La reforme légale de 1994 visait à distinguer d’un côté les conflits d’intérêts personnels des administrateurs (l’article 60, devenu 523), et de l’autre les cas de décisions provoquant des conflits d’intérêt entre des sociétés cotées et leur actionnaire de contrôle (l’article 60 bis, devenu 524). Suite à des interventions diverses, la portée et le champ d’application de cet article 60 bis-524 ont été fortement réduits dans la loi définitive et dans certaines interprétations. L’argument avancé était souvent que nos entreprises sont petites et ne peuvent supporter des codes de conduites et normes de type international, trop contraignants. Les lois furent infléchies pour protéger les actionnaires, plutôt que les entreprises.

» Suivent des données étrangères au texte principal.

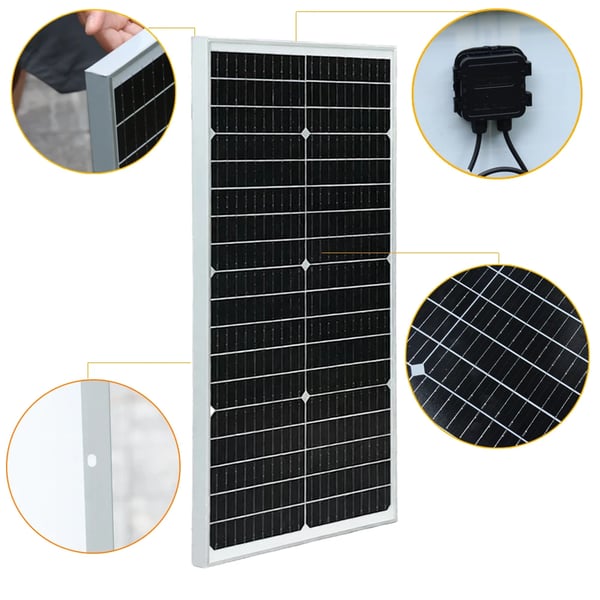 Solpanel, Monokrystallinsk Silikon, Vandtæt Design,80w stiv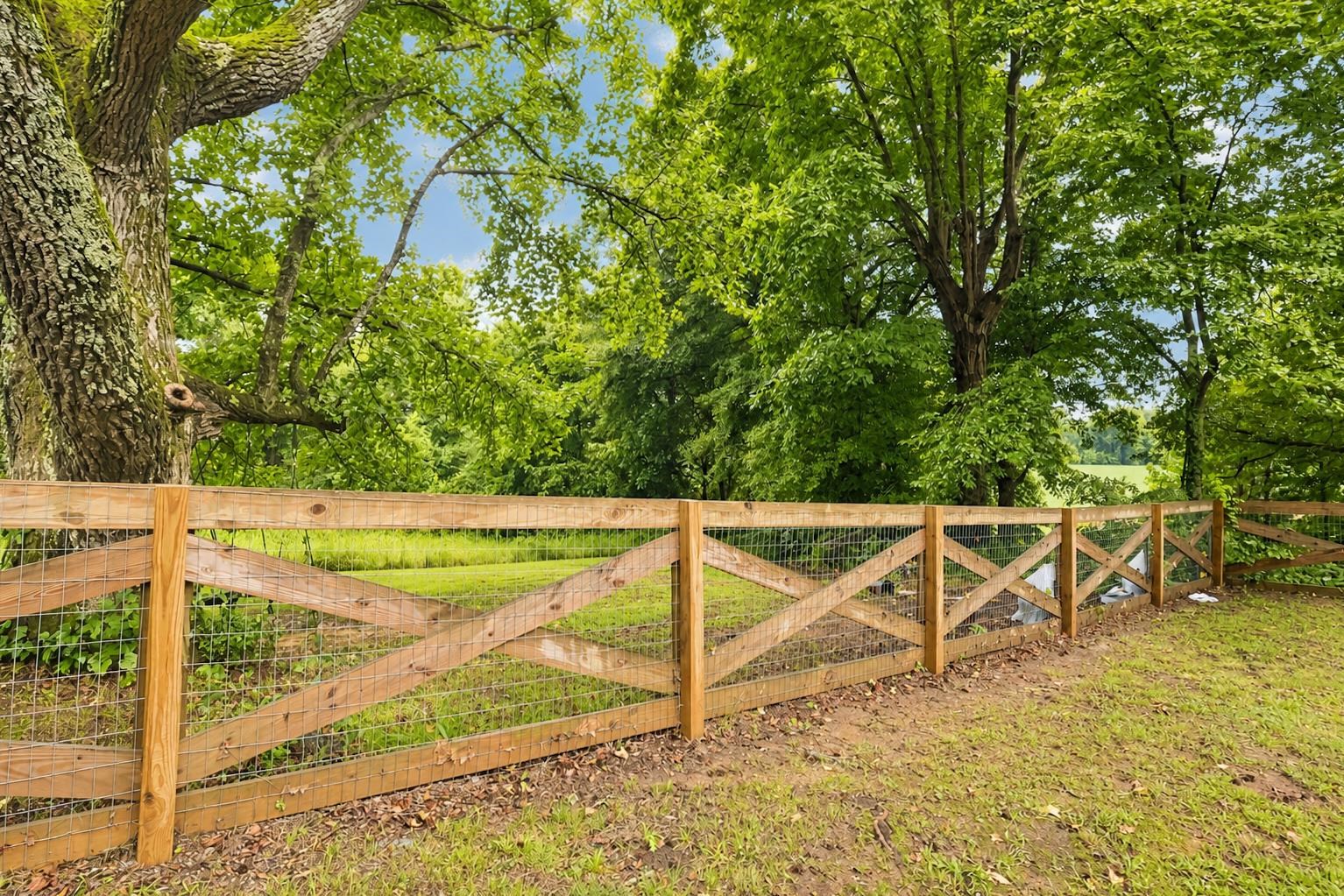 10093 Mt Carmel Road Brighton, TN 38011 - Photo 9 of 36 Newly installed wooden cross-buck fence with wire mesh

La modification actuellement proposée de l’article 524 est utile et bienvenue, mais ne réduit pas vraiment le nombre d’exemptions du champ d’application de cet article.

2)   Certains administrateurs considèrent qu’ils siègent en Conseil d’Administration pour représenter le ou les actionnaires qui les ont fait nommer, et défendre leurs intérêts.  Un actionnaire siègeant en conseil est tenu de respecter l’article 523 alors qu’un « représentant d’actionnaire » y échappe, et peut défendre en toute impunité un intérêt particulier  opposé à celui de la société.  Ceci est d’autant plus aisé en Belgique que la loi ne définit pas très précisément les devoirs de l’administrateur, même si elle se réfère à quelques endroits à « l’intérêt social », généralement compris comme l’intérêt de la société et de l’ensemble des actionnaires (les « associés »).

3)   La situation actuelle peut donc être résumée comme suit : en Belgique, un administrateur ayant des conflits d’intérêt manifestes peut participer aux délibérations et décisions du Conseil d’Administration, pourvu qu’il ne se trouve pas dans une des deux situations prévues dans la loi de 1994.

Dans les autres pays industrialisés, les lois et règles sont plus claires et affirment mieux les devoirs, contraintes et incompatibilités des administrateurs, ainsi que l’obligation de gérer leurs conflits d’intérêts.  Des entreprises belges actives internationalement doivent d’ailleurs y appliquer des règles plus strictes, sous peine de découvrir durement que ce qui est permis en Belgique est interdit ailleurs.

4)    Il est donc nécessaire d’envisager quelques mesures :

- Réintroduire dans la loi un principe général selon lequel tout administrateur qui a des conflits d’intérêts structurels ou ponctuels doit les porter à la connaissance du Conseil d’Administration, et les gérer au mieux, sous peine de nullité de décisions, de responsabilité personnelle et d’amendes. Il est important que ceci inclue les conflits d’intérêt liés à la fonction.

- Instaurer des règles simples définissant les devoirs de l’administrateur, soit via des lois et règlements, soit via des codes professionnels approuvés par l’autorité (La Commission Bancaire et Financière). La Fondation des administrateurs a défini un tel code, joint à la présente. Parmi les devoirs des administrateurs vis-à-vis des sociétés, il importe d’insister sur le devoir de loyauté, le devoir de meilleur soin, le devoir de discrétion.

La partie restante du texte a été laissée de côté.